防具がないと、大杉くんは死んでしまうではないかと由姫は考えた。私はそんなことも分からずに大杉くんをイケメン系男子に入ると勘違いしていたのだ。
由姫から見て大杉くんは、ブサイクで売っている芸人よりもブサイクな人間だった。由姫の恋愛対象としては論外である。由姫は彼氏の条件としては、ダルビッシュよりもキムタクよりも福山よりも、漫画で出てくる道明寺よりも花沢類よりもイケメンでないといけないのだと考えていた。
その条件に合致するのは駿馬英だ。
『王子様学校』という漫画に出てくるに出てくる駿馬英さまほどイケメンでないといけないのだと由姫は感じていた。
由姫にとって駿馬英はとてもイケメンで、ケンカも強く勉強もできるすごい人間であった。おまけに日本語、英語、ドイツ語、フランス語、ポルトガル語、スペイン語、アラビア語、韓国語、中国語を操り、どこに行っても生きていけそうな人であると由姫は考えていた。由姫にとって、駿馬英はルフィよりもドラえもんよりもすごいお方であったのだ。

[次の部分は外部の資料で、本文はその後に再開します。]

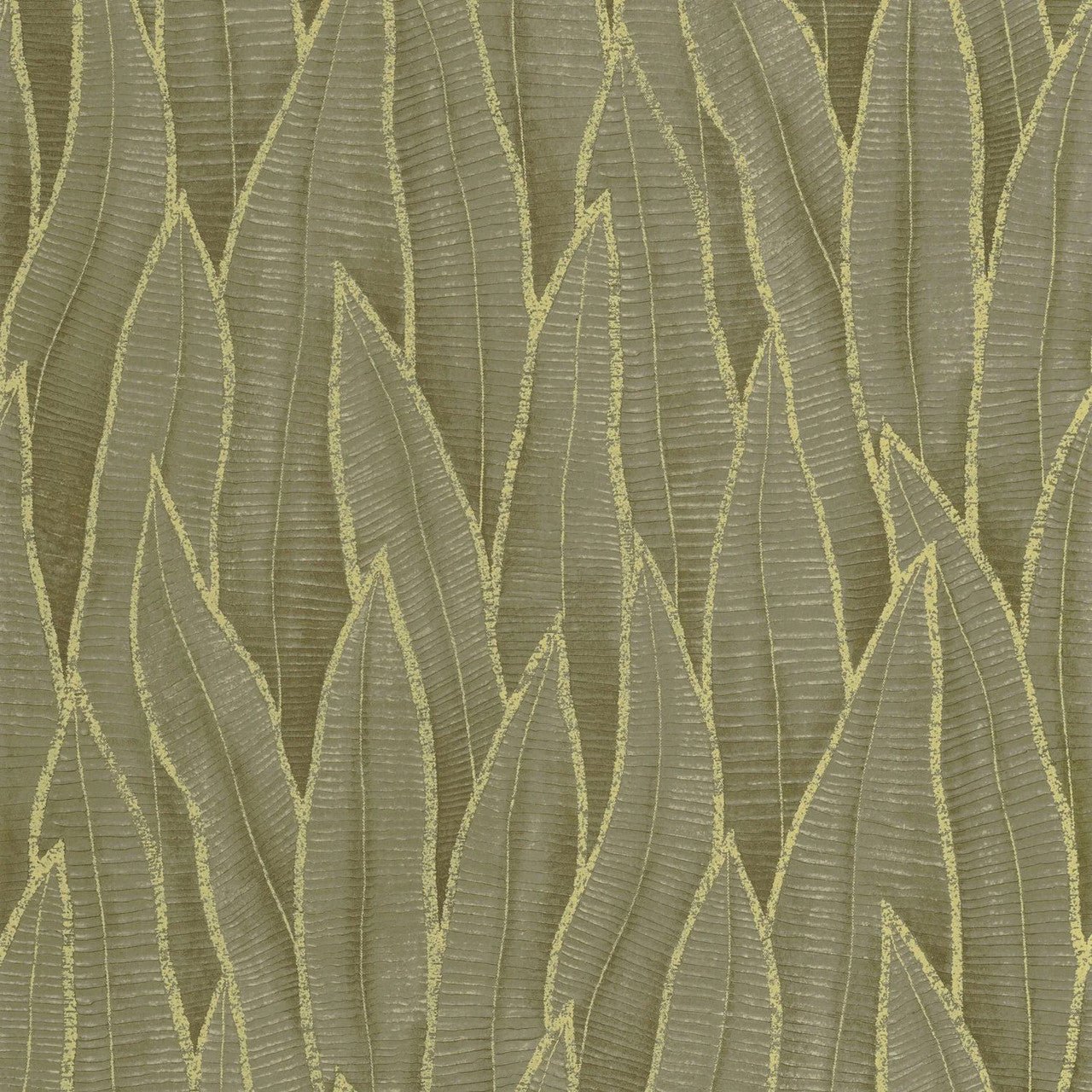 Sansevieria Rio Wallpaper - Vert Mousse - Casadeco - 201837807 - Premier Wallcovering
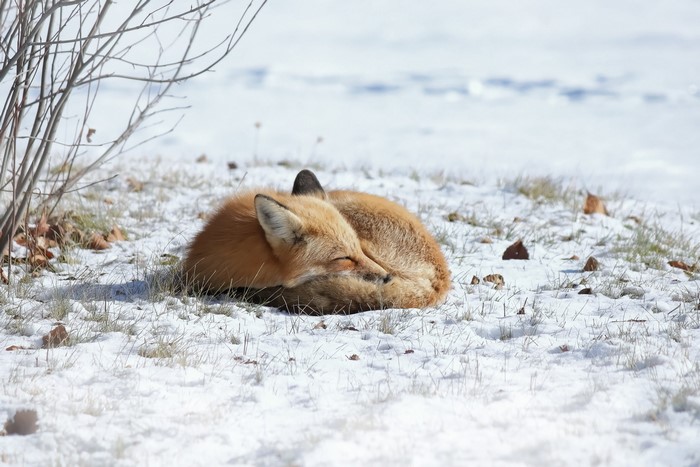 Red fox sleeping curled up in the snow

天神から由姫の自宅に近い中州に出た。すでに夕方になっており、ホストやキャバクラのキャッチが街をうろついていた。由姫はホストのことをイケメンではないと考えていた。由姫にとっては、なりきりイケメンであった。その理由は、全員前髪を片目がかぶるくらいまで伸ばしており、鬼太郎のような感じになっているからだ。それがかっこよく見えるのは、おそらくジャニーズくらいではないのかと由姫は思っていた。したがって、由姫はホストにはまることはなかった。
由姫が自宅に帰宅すると、すでに父親はリビングの椅子に腰かけ、ビールを飲んでいた。由姫は今日のことを忘れ去りたいと思い、「お父さん、私も飲んでいい?」と言った。父親は優しい声で、「いいぞ」と言った。
「ありがとう」
「どうした?由姫がビールを帰ってきてすぐに飲むなんて可笑しいな」
「ううん、何でもないよ、ただ飲みたかっただけ」
由姫はそう言いながら親は鋭いと感じていた。
こうして今は優しい父親であるが、由姫と両親がずっと仲が良かったわけではない。それもそのはずである。由姫は1人っ子だ。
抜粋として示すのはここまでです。